But in the case of Justice Kagan, I’d advise a bit of caution. She’s probably safe as long as there’s a Democratic president in the White House, but once there’s a president in office who would fill a Supreme Court vacancy with another member of the Federalist Society, then I’m not sure she should head into the woods with an armed hothead who might be dreaming of pulling a Cheney as a short-cut to a 6-3 majority.

3. I linked yesterday to Sarah Moon’s post on “Privilege, oppression, and being ‘nice.’” She was responding to an earnestly awful post elsewhere in the evangelical blogosphere titled “Are Christian Feminists Hurting Their Cause?” (You know, because they’re all pushy and angry and insufficiently grateful for all that men have begun to allow them to do.) Amy Mitchell also has a nice response to that post, titled “The tone policing needs to stop.” But I think my favorite response is from Dianna E. Anderson, who co-opts and wonderfully spoofs the faux-concern and condescension of the original in a post titled, “Are Christian Complementarians Hurting Their Cause?” Sauce for the gander indeed. That’s deserving of a Nina Turner Award for the Exposure of Duplicitous Hypocrisy.
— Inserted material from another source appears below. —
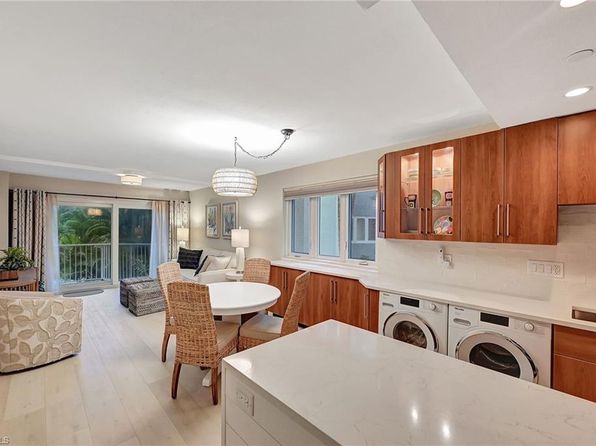 1300 Gulf Shore Blvd N APT 210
4. Rent-seeking can be a tricky thing to explain or to grasp. It basically means making money without ever making anything else, or collecting wealth without creating value. Concurring Opinions points us to a new book from Geoff Mulgan which provides a helpful metaphor for this form of affluent parasitism. The book is called The Locust and the Bee: Predators and Creators in Capitalism’s Future. Here’s the nut of it:

If you want to make money, you can choose between two fundamentally different strategies. One is to create genuinely new value by bringing resources together in ways that serve people’s wants and needs. The other is to seize value through predation, taking resources, money, or time from others, whether they like it or not.

Hence locusts vs. bees. Or, as I usually think of it, Old Man Potter vs. George Bailey.

5. Andy Kessler was losing an argument with his 16-year-old son, so he made the disastrous decision to continue losing that argument even harder in a far more public forum. Kessler, a hedge fund manager (i.e., a rent-seeking locust), took to the pages of the Wall Street Journal to repeat his belief that homelessness is caused by homeless shelters.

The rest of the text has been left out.